After working with thousands of engineers who have developed brilliant, yet unimplemented/unsuccessful energy solutions, I have concluded that there are some key non-technical factors that influence the success of projects. Knowing how to navigate these is critical to the success of your project. I have already written widely and even recorded training (free) on how to “sell energy projects”. However, I have realized that these techniques are only useful when working with a company/organization/client that is capable of taking effective action. In this article- I would like to share some symptoms of leadership problems that usually impact projects. If you can recognize these symptoms early, you may be able to avoid pitfalls, or avoid a project that is doomed to failure.
Assessing Leadership There is no perfect “test” of leadership, but here are some tips/questions that may help you “qualify” a client or potential project.
Question #1: Is there a written Mission Statement that aligns all employees toward a common goal? This is important because if there is no “leadership” pulling a client/organization in a particular direction… your energy project cannot “align” with that course. If your project is not “aligned”, it will likely not get done.

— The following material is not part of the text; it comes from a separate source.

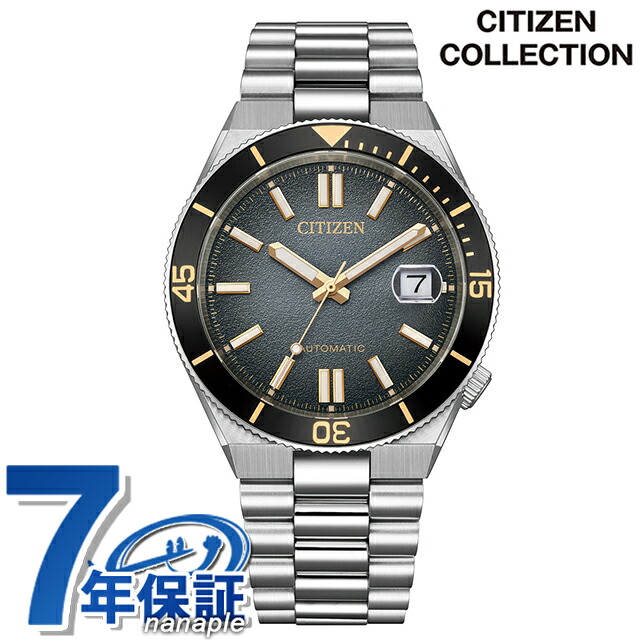 ＼25日は激アツ★超ラッキーDAY／ シチズン コレクション TSUYOSA 自動巻き 腕時計 ブランド メンズ CITIZEN COLLECTION NJ0238-57E アナログ ブラックグラデーション 黒 おしゃれ 防水 プレゼント 男性 実用的｜腕時計のななぷれ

All companies periodically have leadership changes, and during these times- employees can continue to perform (make decisions that result in progress) when guided by a clear mission statement. Conversely, some organizations lose their leader and become “rudderless”. If a new leader does not take command, chart a course and enforce progress; the midlevel managers begin delaying decisions (which can directly delay the approval of your project). After a while- a “culture of indecision” becomes the norm that permeates the organization. This new culture literally sets up “entitlement” for everyone to avoid taking risks and “just maintain”.
In addition to a “top-down” approach… good leaders also listen to and empower their employees/partners for “win-win” relationships. If a leader ignores the team’s good ideas, the team members will stop providing new ideas. If team members feel “undervalued”, they may seek work elsewhere, where their ideas are valued (and rewarded). The point of the previous two paragraphs is that when you are considering a project… observe the “alignment” of the employees, because that will tell you a lot about the organization, as well as where your energy project is headed.
Question #2: Does the organization knowingly fail to comply with legally required safety or other laws? Organizations that don’t take care of safety are not going to care about your energy project (which is usually optional anyway). For example, a couple of years ago, I was doing an audit and walked into a new boiler room that had over 10 major safety violations (national and state code violations on piping, valves and other infrastructure). My partner even smelled natural gas in the air within the boiler room. We stopped the energy audit and let the management know about their OSHA and code violations, because if an explosion were to happen, they would be liable and could lose millions of dollars in legal costs, as well as lost lives! This mid-level management team basically ignored us, mostly because “their division was experiencing budget cuts and they felt they couldn’t get the funding to fix the problems”. So- guess how far this energy audit’s projects went? The audit was nearly a complete waste of time.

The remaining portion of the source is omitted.